Gerade noch hatte die Königin fröhlich kichernd mit ihrem Hofstaat gefeiert. Doch plötzlich stand er vor ihr: der tiefschwarz gekleidete Tod mit gespenstisch weiß geschminktem Gesicht. Er legte sanft der herrschaftlichen Dame seine Hand auf ihre Schulter. Und führte sie fort in sein Totenreich.
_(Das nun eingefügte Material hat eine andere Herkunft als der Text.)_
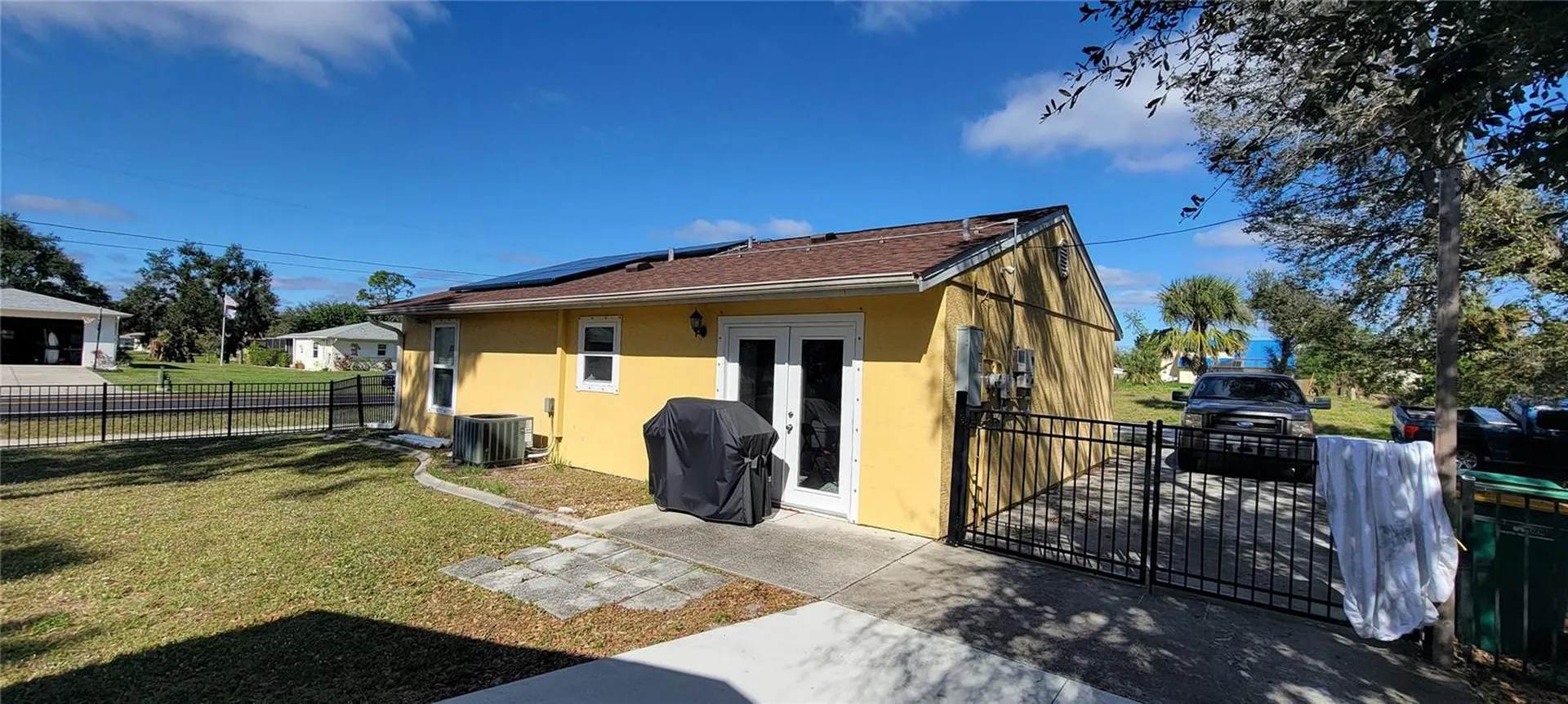 21427 Michigan Avenue Port Charlotte FL 33952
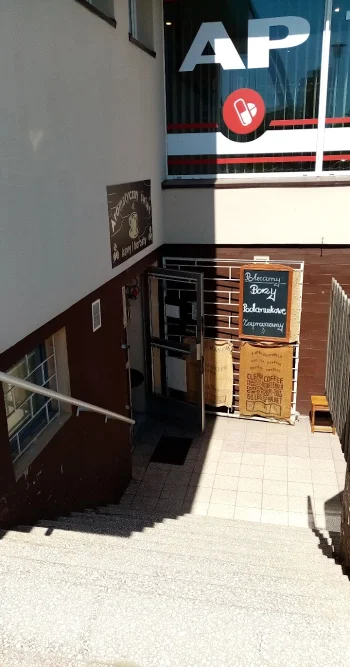 Aromatyczny Świat Kawy Herbaty - Kawiarnia Konin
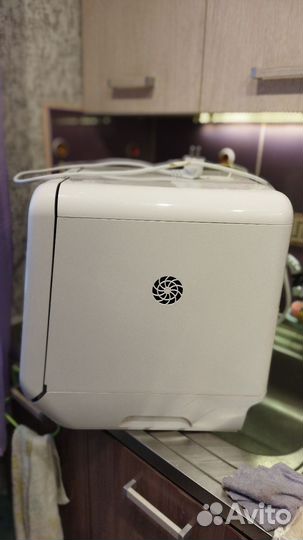 Посудомоечная машина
Ein memento mori der besonderen Art auf dem Domberg, zu der die AGIL-Theatergruppe eingeladen hatte. Eine mahnende Erinnerung an diesem trüben Novembertag, dass der Tod jeden, ungeachtet seines Standes, plötzlich aus dem Leben reißen kann. Schauspielerin Laurin Singer verkörperte den Sensenmann mit einer Eindringlichkeit, die die Zuschauer aus Nah und Fern - viele Touristen hatten sich in die Schar gemischt - erschauern ließ. Zumal das trübsinnig stimmende Geschehen von dumpfen, monotonen Trommelschlägen begleitet wurde.


Den Tod vor Augen geführt

Laurin Singer hatte auch die Regie dieses Wandeltheaterstückes inne, das sich an den berühmten "Basler Totentanz" anlehnte. Dieses Gemälde aus dem 15. Jahrhundert an der Friedhofsmauer bei der Predigerkirche in Basel führte dem Betrachter eindrücklich vor Augen, wovor der Mensch die Augen so gerne verschließt: der Tod. Laurin Singer und ihre 16 Schauspielkollegen in historischen Kostümen ließen also die Szenen des Basler Totentanzes lebendig werden und nahmen die Zuschauer zugleich mit in den Reigen zwischen Leben und Tod. Damit führten sie die Gäste nicht nur in frühere Glaubens- und Gedankenwelten, sondern öffneten auch Türen zur persönlichen Auseinandersetzung mit dem Sterben, dem Tod - und dem Leben.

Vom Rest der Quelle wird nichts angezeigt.